Adams v. 1365 E. Blvd. Corp.

2016 Ohio 8487
CourtOhio Court of Appeals
DecidedDecember 29, 2016
Docket104089 & 104126
StatusPublished

This text of 2016 Ohio 8487 (Adams v. 1365 E. Blvd. Corp.) is published on Counsel Stack Legal Research, covering Ohio Court of Appeals primary law. Counsel Stack provides free access to over 12 million legal documents including statutes, case law, regulations, and constitutions.

Bluebook
Adams v. 1365 E. Blvd. Corp., 2016 Ohio 8487 (Ohio Ct. App. 2016).

Opinion

[Cite as Adams v. 1365 E. Blvd. Corp., 2016-Ohio-8487.]

Court of Appeals of Ohio EIGHTH APPELLATE DISTRICT COUNTY OF CUYAHOGA

JOURNAL ENTRY AND OPINION Nos. 104089 and 104126

BERNARD ADAMS PLAINTIFF-APPELLANT

vs.

1365 EAST BOULEVARD CORPORATION DEFENDANT-APPELLEE

JUDGMENT: AFFIRMED

Civil Appeal from the Cuyahoga County Court of Common Pleas Case No. CV-14-835330

BEFORE: E.T. Gallagher, P.J., Laster Mays, J., and Celebrezze, J.

RELEASED AND JOURNALIZED: December 29, 2016 ATTORNEY FOR APPELLANT

Myron P. Watson 614 West Superior Avenue 1144 Rockefeller Building Cleveland, Ohio 44113

ATTORNEY FOR APPELLEE

Nancy C. Schuster Schuster & Simmons Co. 2913 Clinton Avenue Cleveland, Ohio 44113 EILEEN T. GALLAGHER, P.J.:

{¶1} Plaintiff-appellant, Bernard Adams (“Adams”), appeals from the judgment of

the trial court awarding offsetting damages to Adams and defendant-appellee,1 1365 East

Boulevard Corporation (the “Cooperative”), in the amount of $26,021. Adams raises the

following assignments of error for our review:

1. The trial court erred and abused its discretion in failing to award the plaintiff reimbursement for the monies paid for the repair and maintenance of the building, which was against the manifest weight of the evidence.

2. The trial court erred and abused its discretion when it failed to grant the plaintiff an award or reimbursement for attorney fees, and this ruling was against the manifest weight of the evidence.

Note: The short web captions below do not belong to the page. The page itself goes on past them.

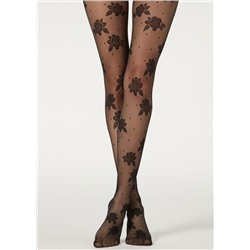 Strumpfhose aus Tüll 40 Denier mit Punkten und Rosen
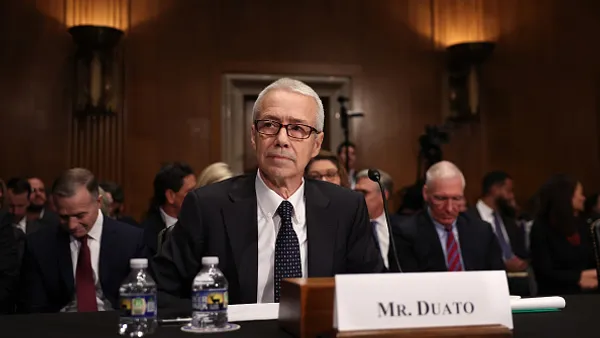 Joaquin Duato, CEO of Johnson & Johnson, testifies before the Senate Health, Education, Labor, and Pensions Committee at the Dirksen Senate Office Building on February 08, 2024 in Washington, DC. The Committee held the hearing to investigating the cost of prescription drugs. (Photo by Kevin Dietsch/Getty Images)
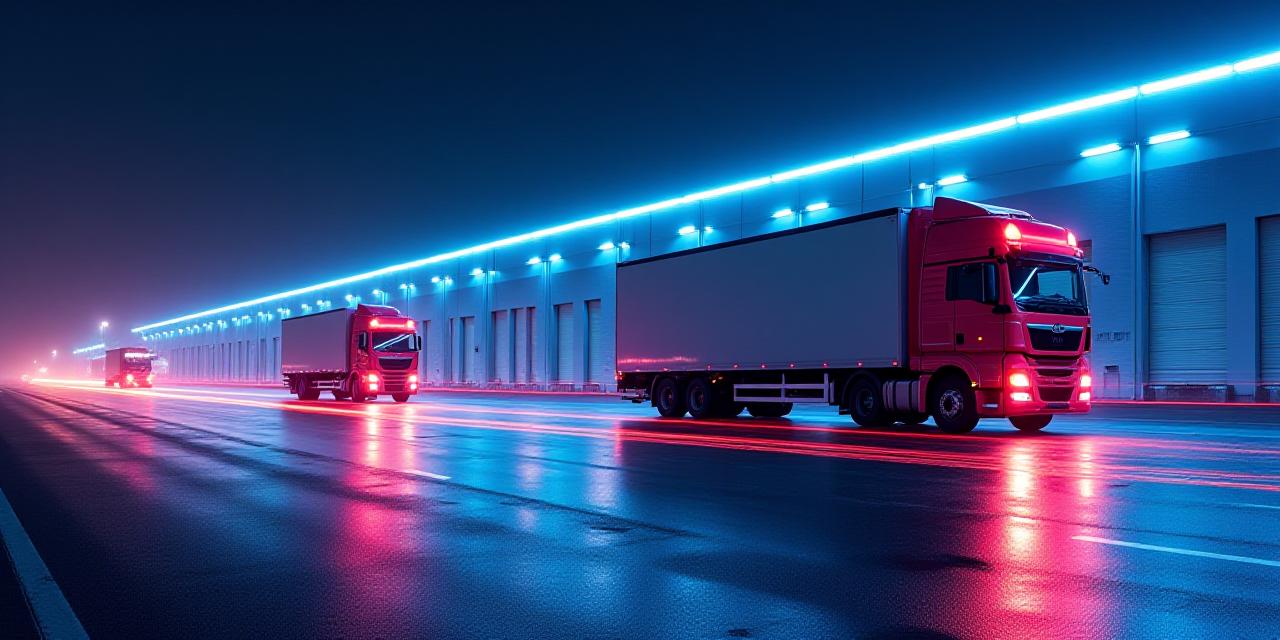 Modern logistics hub with streamlined transport trucks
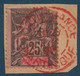 Colonies Martinique Fragment N°38 25c Noir Sur Rose Oblitéré Dateur Rouge 1896 "FORT DE FRANCE / MARTINIQUE" SUP - Used Stamps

3. The trial court erred and abused its discretion when it found that maintenance costs were owed on unit one when the damages to the unit were structural and not solely attributable to damages inside the apartment unit, and such finding was against the manifest weight of the evidence.

4. The trial court erred and abused its discretion when it found that the plaintiff should not be reimbursed for monies paid for the repairs and maintenance of the garage, and such finding was against the manifest weight of the evidence.

{¶2} After careful review of the record and relevant case law, we affirm the trial

court’s judgment.

I. Procedural and Factual History

On February 16, 2016, the Cooperative filed a notice of cross-appeal but failed to file any 1

conforming briefs or arguments. Accordingly, we decline to treat the Cooperative as a cross-appellant. {¶3} In February 1949, the Cooperative was organized for the purpose of

“purchasing, owning, managing, and residing in” a six-unit cooperative apartment

building located on East Boulevard in Cleveland, Ohio. Pursuant to the terms of a

mutual agreement (the “Cooperative” or “Cooperative Agreement”), unit owners in the

apartment building have an equal share in the Cooperative, have equal responsibilities,

pay equal maintenance fees and assessments, and are required to act in the best interest of

the Cooperative. Relevant to this appeal, paragraph four of the Cooperative Agreement

states, in pertinent part:

{¶4} The following expenses shall be borne on a pro rata basis:

All outside repairs, including painting, roofing, gutters, down-spouts, outside carpentry, masonry, plumbing, electrical wiring, up-keep of garage, main sewer, screens and storm windows and awnings * * *.

***

[A]ll inside repairs, decorations, structural changes within the individual suites shall be the personal liability of the owners and occupants thereof.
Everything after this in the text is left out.